Afp, 30 Octobre 2006

Le président soudanais Omar al-Béchir a confirmé lundi un plan pour désarmer dans deux mois les miliciens du Darfour, dont les djandjawid pro-gouvernementaux accusés de violences et d'exactions contre les populations de cette région de l'ouest du pays.

"Nous avons mis en place un plan visant à désarmer les milices du Darfour dans les deux mois, en coopération avec l'Union africaine (UA)", a déclaré M

Béchir dans un discours télévisé, marquant l'ouverture d'une nouvelle session parlementaire.

M. Béchir n'a pas précisé comment les djandjawid seraient désarmés.

Khartoum avait annoncé ce plan il y a deux semaines aux médias soudanais.

La question du désarmement des djandjawid est essentielle pour rétablir le calme au Darfour, où selon l'Onu 200.000 personnes ont péri et quelque 2,5 millions ont été déplacées depuis le début du conflit en février 2003.

Le gouvernement de Khartoum et les rebelles du Front de l'Est ont signé à la mi-octobre un accord de paix, négocié avec l'aide de l'Eryhtrée et censé mettre fin à un conflit armé de douze ans.

Dans son discours, M. Béchir a rendu hommage à l'Union africaine, notant que l'accord de paix signé à Asmara en octobre montrait que le Soudan n'avait pas besoin d'aide occidentale pour régler ce conflit.

"L'accord d'Asmara a démontré que les Soudanais pouvaient résoudre seuls leurs différends", a-t-il déclaré.

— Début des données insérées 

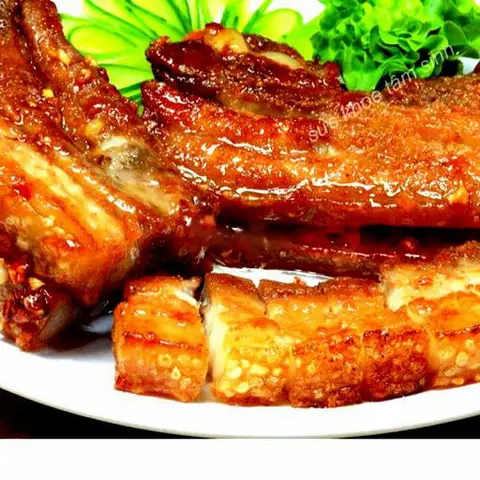Hình ảnh Cơm Ba Rọi chiên giòn / nướng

Khartoum refuse le déploiement de casques bleus dans cette région en dépit de la résolution 1706 du 31 août du Conseil de sécurité qui prévoit l'envoi d'une force d'environ 17.000 d'entre eux et de 3.000 policiers pour prendre la relève de la Mission de l'Union africaine (Amis) au Darfour.

L'émissaire de l'ONU, Jan Pronk, avait été expulsé il y a une semaine du Soudan pour avoir évoqué des "défaites" de l'armée face aux rebelles du Darfour.

Cette décision, sans précédent dans les relations entre Khartoum et l'ONU, a été critiquée tant à l'extérieur qu'à l'intérieur du pays, soumis à une forte pression internationale pour accepter des casques bleus au Darfour.